DESCRIPTION OF THE TASK :: The lines from the one holding "Familienfreundliches Haus mit" through the end of the records below are to be written out exactly, and nothing else; pictures are to be left out.

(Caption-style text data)
........
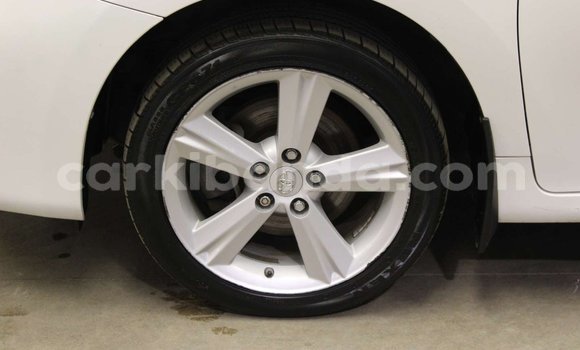 Gura Yakoze Toyota RAV4 White Imodoka i Kampala mu Uganda Gura Yakoze Toyota RAV4 White Imodoka i Kampala mu Uganda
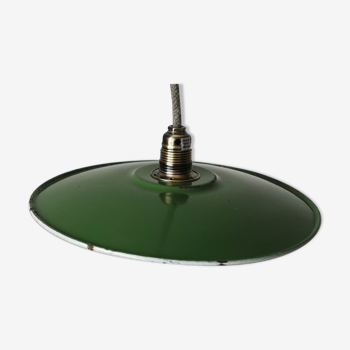 Green enamelled industrial style suspension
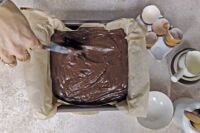 wykładanie ciasta brownie do przygotowanej formy do pieczenia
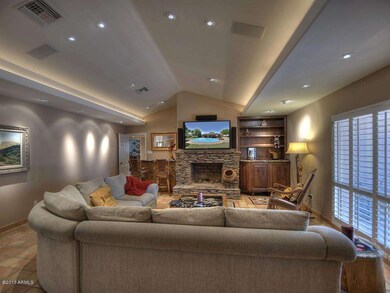 009_Family Room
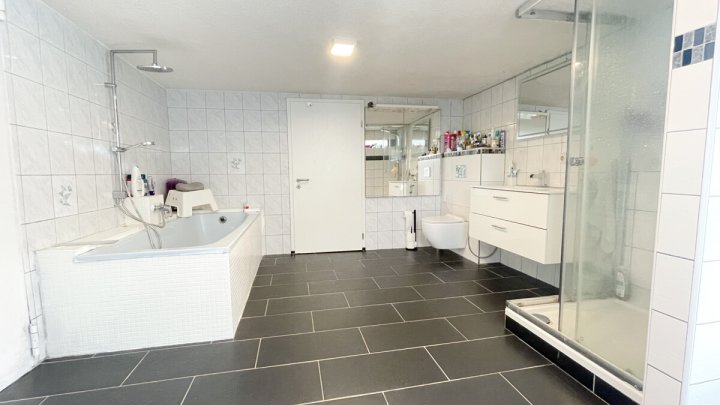 Familienfreundliches Haus mit PV-Anlage, Garten und Stellplätzen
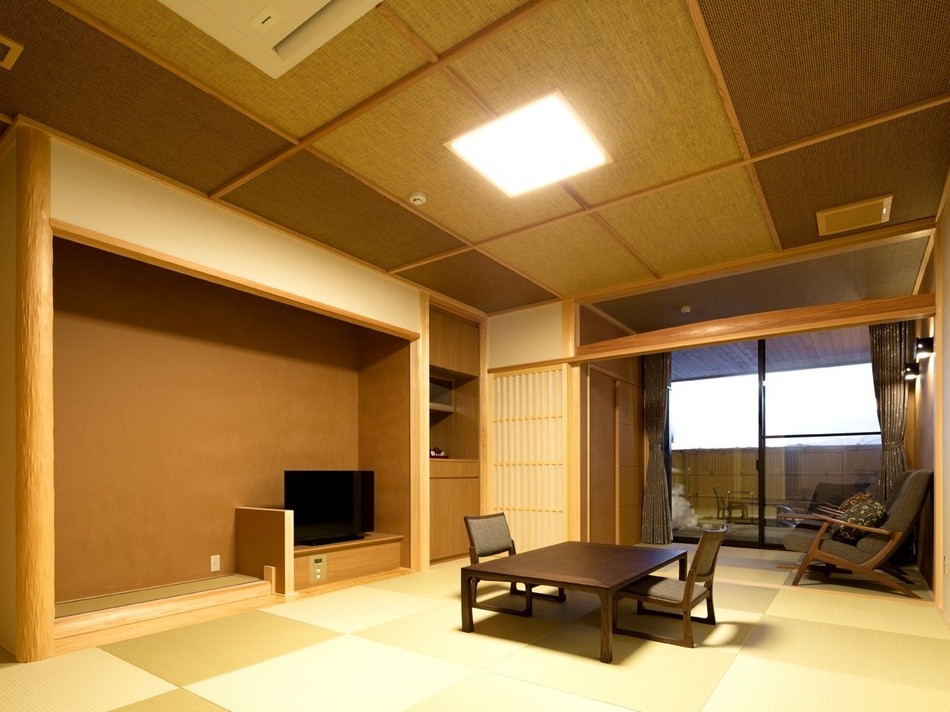 Japanese-style room with open-air bath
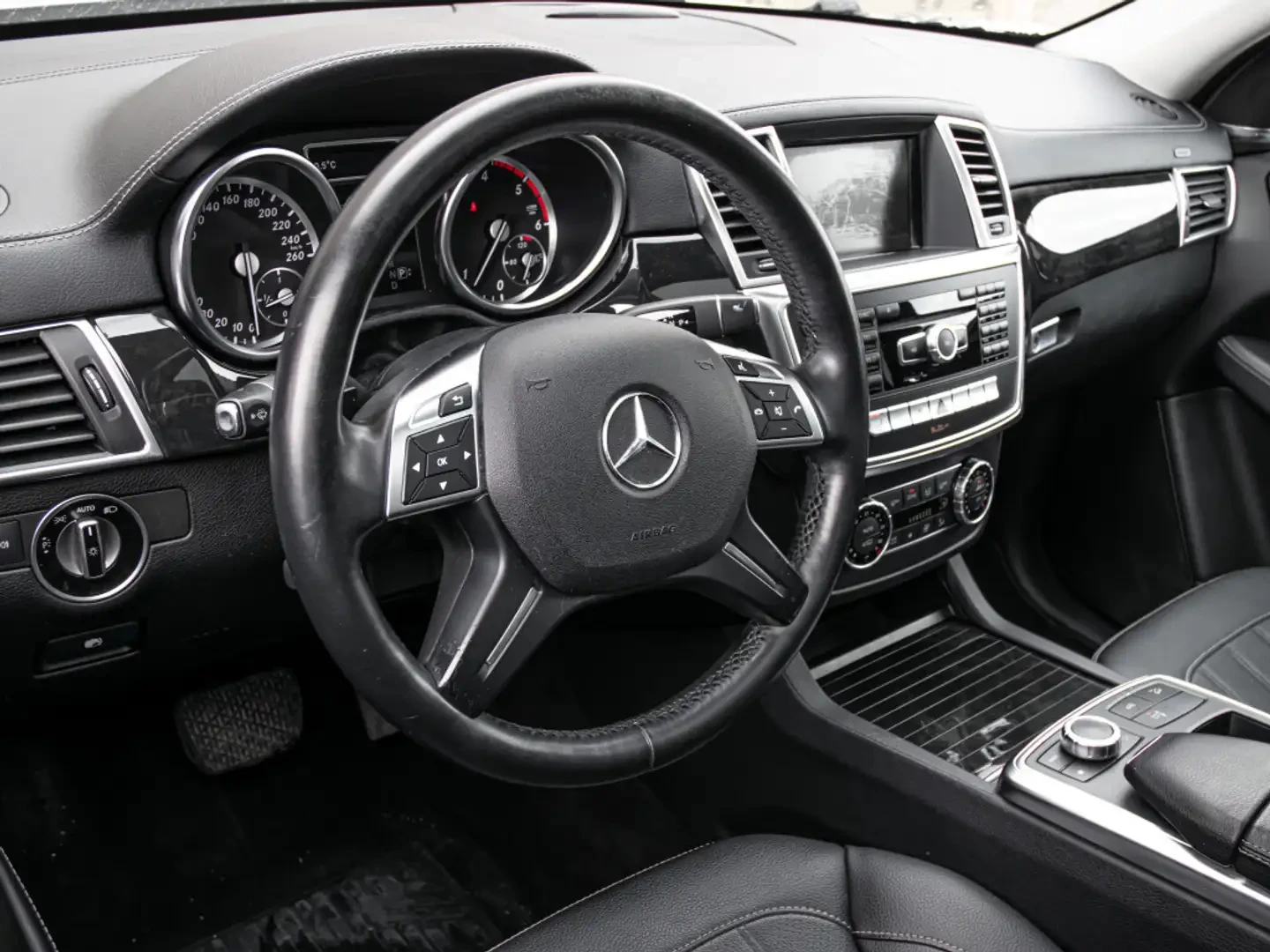 Mercedes-Benz GL 350 BLUETEC* AMG* 4MATIC* ПОДГРЕВ, снимка 8 - Автомобили и джипове - 55013930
........
EXERCISE SOLUTION ::
 Familienfreundliches Haus mit PV-Anlage, Garten und Stellplätzen
 Japanese-style room with open-air bath
 Mercedes-Benz GL 350 BLUETEC* AMG* 4MATIC* ПОДГРЕВ, снимка 8 - Автомобили и джипове - 55013930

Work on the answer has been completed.